Dataset excerpts
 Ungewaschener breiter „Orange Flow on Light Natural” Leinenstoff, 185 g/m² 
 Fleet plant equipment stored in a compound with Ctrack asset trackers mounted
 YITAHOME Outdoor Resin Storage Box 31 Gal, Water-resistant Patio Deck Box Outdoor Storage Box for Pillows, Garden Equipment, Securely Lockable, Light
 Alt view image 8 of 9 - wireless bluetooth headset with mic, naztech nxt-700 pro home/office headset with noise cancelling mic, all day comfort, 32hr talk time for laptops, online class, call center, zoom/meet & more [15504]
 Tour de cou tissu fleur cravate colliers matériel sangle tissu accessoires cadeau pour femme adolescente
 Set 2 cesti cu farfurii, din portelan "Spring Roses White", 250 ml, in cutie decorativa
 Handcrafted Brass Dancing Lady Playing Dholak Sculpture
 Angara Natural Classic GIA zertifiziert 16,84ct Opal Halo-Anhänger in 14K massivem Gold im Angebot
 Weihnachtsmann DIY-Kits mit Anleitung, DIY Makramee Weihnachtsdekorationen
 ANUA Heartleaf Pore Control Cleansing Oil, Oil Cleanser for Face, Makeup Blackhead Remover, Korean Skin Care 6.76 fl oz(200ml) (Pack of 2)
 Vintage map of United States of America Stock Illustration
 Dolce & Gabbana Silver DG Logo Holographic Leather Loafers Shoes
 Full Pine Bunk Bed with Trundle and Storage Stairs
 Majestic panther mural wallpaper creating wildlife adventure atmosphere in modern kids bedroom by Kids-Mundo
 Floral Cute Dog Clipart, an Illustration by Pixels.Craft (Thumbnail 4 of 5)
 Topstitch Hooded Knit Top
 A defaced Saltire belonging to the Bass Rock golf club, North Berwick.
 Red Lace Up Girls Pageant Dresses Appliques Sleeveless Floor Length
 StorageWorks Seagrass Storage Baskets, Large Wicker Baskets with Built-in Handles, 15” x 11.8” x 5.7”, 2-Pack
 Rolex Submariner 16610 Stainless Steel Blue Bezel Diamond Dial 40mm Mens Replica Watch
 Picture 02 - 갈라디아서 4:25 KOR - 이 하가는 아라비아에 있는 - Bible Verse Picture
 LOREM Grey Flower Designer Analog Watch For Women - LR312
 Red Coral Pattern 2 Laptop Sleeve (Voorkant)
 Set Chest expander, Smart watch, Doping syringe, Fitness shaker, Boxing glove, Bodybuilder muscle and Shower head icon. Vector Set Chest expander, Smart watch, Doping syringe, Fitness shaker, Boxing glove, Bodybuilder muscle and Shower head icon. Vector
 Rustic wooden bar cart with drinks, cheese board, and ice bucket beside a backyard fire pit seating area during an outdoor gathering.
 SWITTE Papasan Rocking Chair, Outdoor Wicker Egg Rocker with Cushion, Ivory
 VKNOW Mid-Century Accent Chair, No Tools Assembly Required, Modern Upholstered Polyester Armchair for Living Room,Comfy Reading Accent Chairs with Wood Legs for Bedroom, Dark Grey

* Task details: Retype only the lines above between the line with "Handcrafted Brass Dancing" and the line with "A defaced Saltire", counting those two lines as well, and keep every character as it is.

* Finished task:
 Handcrafted Brass Dancing Lady Playing Dholak Sculpture
 Angara Natural Classic GIA zertifiziert 16,84ct Opal Halo-Anhänger in 14K massivem Gold im Angebot
 Weihnachtsmann DIY-Kits mit Anleitung, DIY Makramee Weihnachtsdekorationen
 ANUA Heartleaf Pore Control Cleansing Oil, Oil Cleanser for Face, Makeup Blackhead Remover, Korean Skin Care 6.76 fl oz(200ml) (Pack of 2)
 Vintage map of United States of America Stock Illustration
 Dolce & Gabbana Silver DG Logo Holographic Leather Loafers Shoes
 Full Pine Bunk Bed with Trundle and Storage Stairs
 Majestic panther mural wallpaper creating wildlife adventure atmosphere in modern kids bedroom by Kids-Mundo
 Floral Cute Dog Clipart, an Illustration by Pixels.Craft (Thumbnail 4 of 5)
 Topstitch Hooded Knit Top
 A defaced Saltire belonging to the Bass Rock golf club, North Berwick.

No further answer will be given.